Sayangkan Pelaporan Warga yang Viralkan Menu MBG, DRPD Bojonegoro Kini Evaluasi Kinerja SPPG

www.LensaAktual.com.ǁJawaTimur,5 Maret 2026-Muncul kegaduhan di tengah masyarakat terkait penyaluran program makan bergizi gratis (MBG) selama bulan Ramadan.

Dewan Perwakilan Rakyat Daerah (DPRD) Bojonegoro akhirnya turun tangan menangani kegaduhan tersebut.

Komisi C DPRD Bojonegoro memanggil para kepala dapur Satuan Pelayanan Pemenuhan Gizi (SPPG), Dinas Kesehatan, Dinas Pendidikan, serta ahli gizi di Gedung DPRD setempat, rabu (4/3/2026).

Rapat digelar untuk menyoroti pelaksanaan MBG selama bulan Ramadan.

Termasuk polemik menu kering yang belakangan ramai diperbincangkan di media sosial.

Hingga aksi pelaporan pengelola SPPG Aulia 2 di Desa Sumberagung, Kecamatan Ngraho, terhadap pengguna TikTok yang mengkritik menu MBG.

Pengelola SPPG tersebut melaporkan pemilik akun ke Mapolres Bojonegoro dengan tudingan pencemaran nama baik.

Ketua DPRD Bojonegoro, Abdullah Umar, menyayangkan polemik menu MBG hingga berujung pada pelaporan hukum tersebut.

Menurut dia, kritik dari masyarakat seharusnya menjadi bahan evaluasi untuk memperbaiki kualitas layanan, bukan justru memantik polemik.

“Masyarakat berhak menyampaikan kritik dan saran sepanjang sesuai fakta, disampaikan secara proporsional, dan tidak mengada-ada,” tegasnya.

“Kritik yang membangun itu sah-sah saja,” ujar Umar usai rapat.

Ke depan, Umar meminta pelaksanaan program MBG harus dijalankan secara profesional dan transparan.

DPRD, kata dia, meminta kepala dapur dan ahli gizi bekerja sesuai standar serta tidak terpengaruh intervensi dari pihak mana pun.
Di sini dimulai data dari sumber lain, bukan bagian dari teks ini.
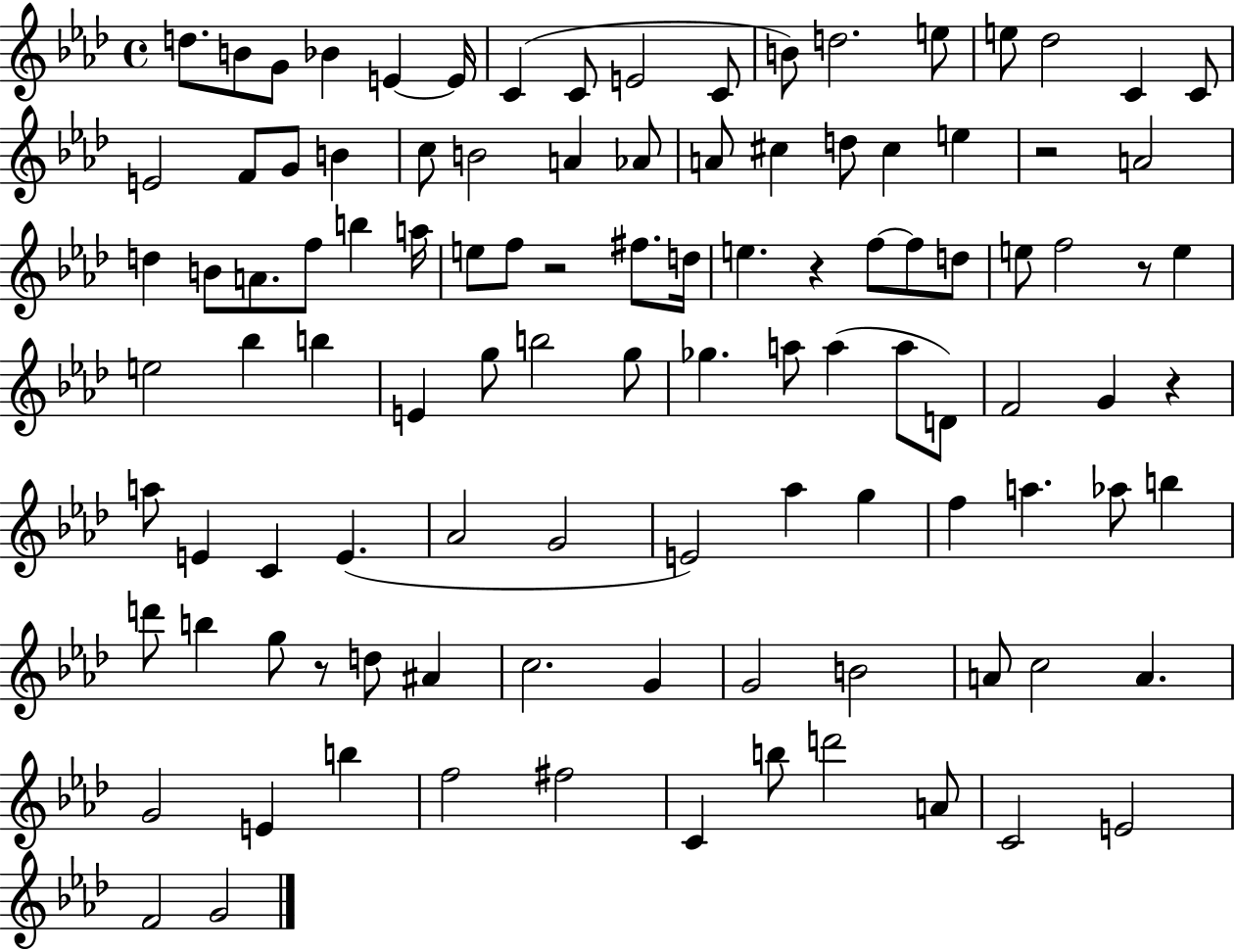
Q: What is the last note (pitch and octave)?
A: G4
“Kami minta Kepala Dapur dan Ahli gizi betul-betul bekerja secara profesional sesuai dengan standar dan ketentuan yang ada, dan jangan terpengaruh intervensi dari mitra,” tegasnya.

Dalam forum evaluasi tersebut, DPRD juga menekankan perlunya perbaikan menyeluruh.

Khususnya terkait kualitas dan variasi menu MBG selama Ramadhan agar sesuai dengan kebutuhan gizi penerima manfaat.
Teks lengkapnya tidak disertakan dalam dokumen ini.